SACRAMENTO — A single mother of three told FOX40 she was raped by a supervisor while working her job as a janitor and threatened with deportation.
“There’s no escape because you’re working and he’s just behind your back,” Leticia Soto said.
Soto’s daughter, Leticia Velez translated for her Wednesday night at a screening for the PBS Frontline documentary “Rape on the Night Shift.” The film was shown at the Citizen Hotel in downtown Sacramento as part of an effort to raise awareness for California Assembly Bill AB 1978, which aims to amend a current labor code to provide more protection to female immigrant janitors.
“She just remembers that he tore her blouse apart and started touching her,” Velez said.

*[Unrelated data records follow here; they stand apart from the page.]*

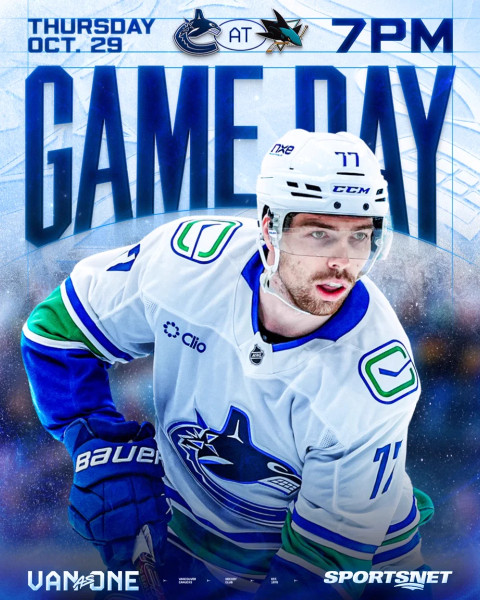Canucks defeat Sharks 3-2 in heated rivalry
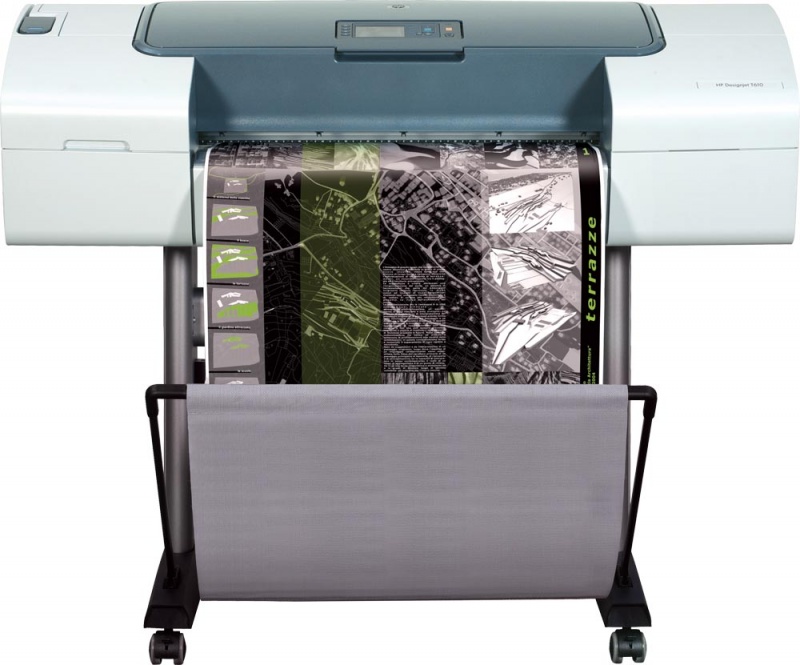 Máy in HP Designjet T610 44-inch Printer (Q6712A)
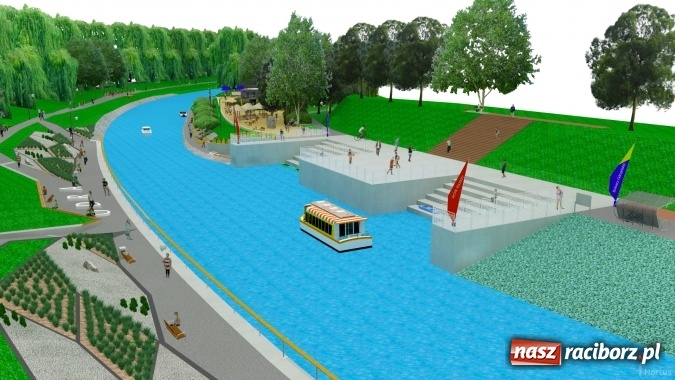 Zdjęcie w galerii na portalu naszraciborz.pl: ACAPULCO nad Odrą, czyli o trudnej drodze od wizualizacji do namacalnych atrakcji wiadomości z regionu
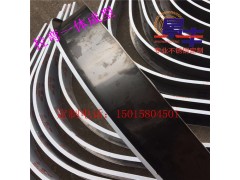 不锈钢拉弯弧形线条 表面平整 背部拉弯图1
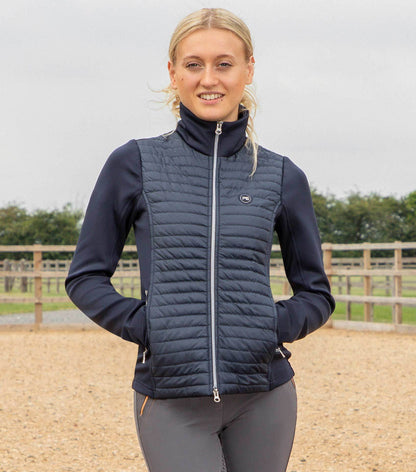Premier Equine Elena Ladies Hybrid Technical Riding Jacket - N P Equestrian & Pet Supplies Ltd 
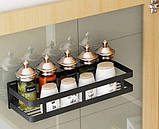 Універсальна настінна полиця Storage Shelf AND-73-10-100PCS для зберігання, фото 3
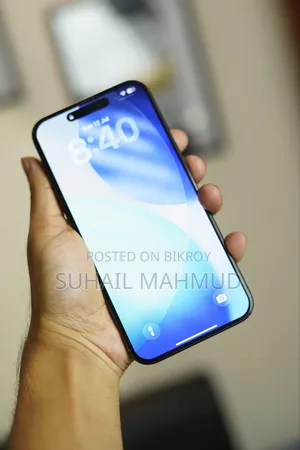 অ্যাপল আইফোন ১৫ প্রো ম্যাক্স ২৫৬ জিবি কালো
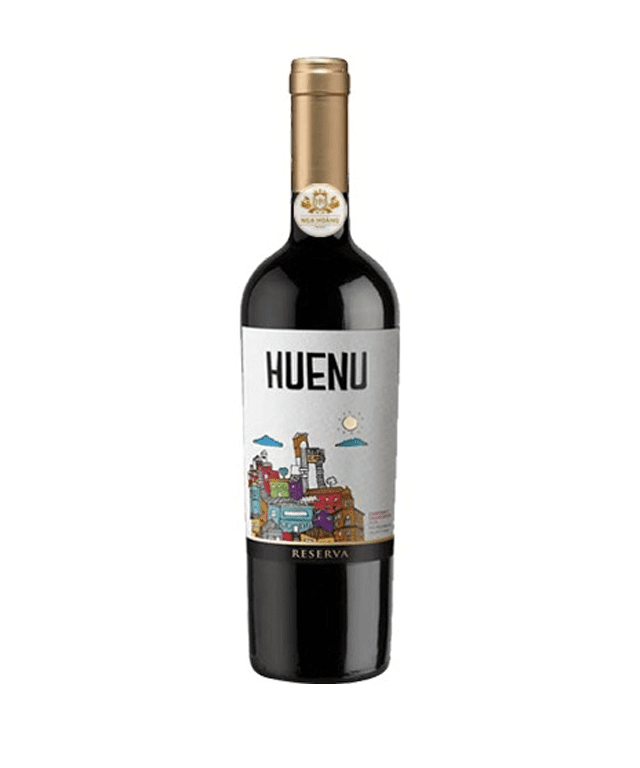 Rượu Vang Chile Huenu Cabernet Sauvignon Merlot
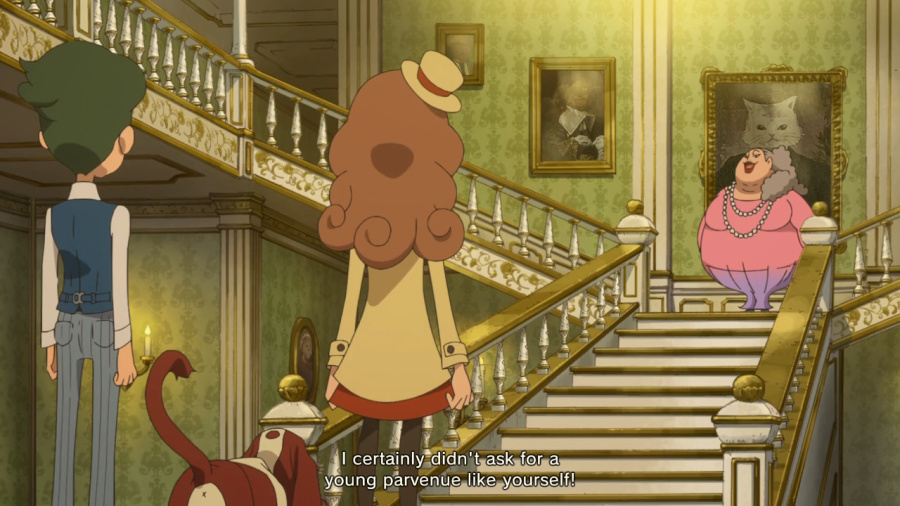 Layton's Mystery Journey: Katrielle and the Millionaires' Conspiracy - Deluxe Edition Screenshot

“It makes me angry, but it also motivated me to want to do something about it,” Assemblywoman Lorena Gonzalez said.
Gonzalez represents California’s 80th assembly district in south San Diego. She authored AB 1978 and says it will protect female janitors in several ways: by ensuring female janitors who are often immigrants know their rights and know who to contact in the event that they are assaulted in the workplace, by forcing job supervisors to be trained on appropriate conduct, and holding employers and contractors liable for adequately responding to assault reports by putting their licenses at stake.
“We’ve heard time and time again about women who complain to their company and they get moved to a different building with the same supervisor. And this is trying to clear that up, to make clear what the law is and this is what happens if you don’t follow the law,” Gonzalez said.
Velez said it was hard to hear her mother recount her rape and ongoing history of abuse, but it empowered her to learn from her experiences so that the cycle of abuse stopped with her.
“Her courage is so amazing and it just shows me that if she can speak up about it then so can I,” Velez said.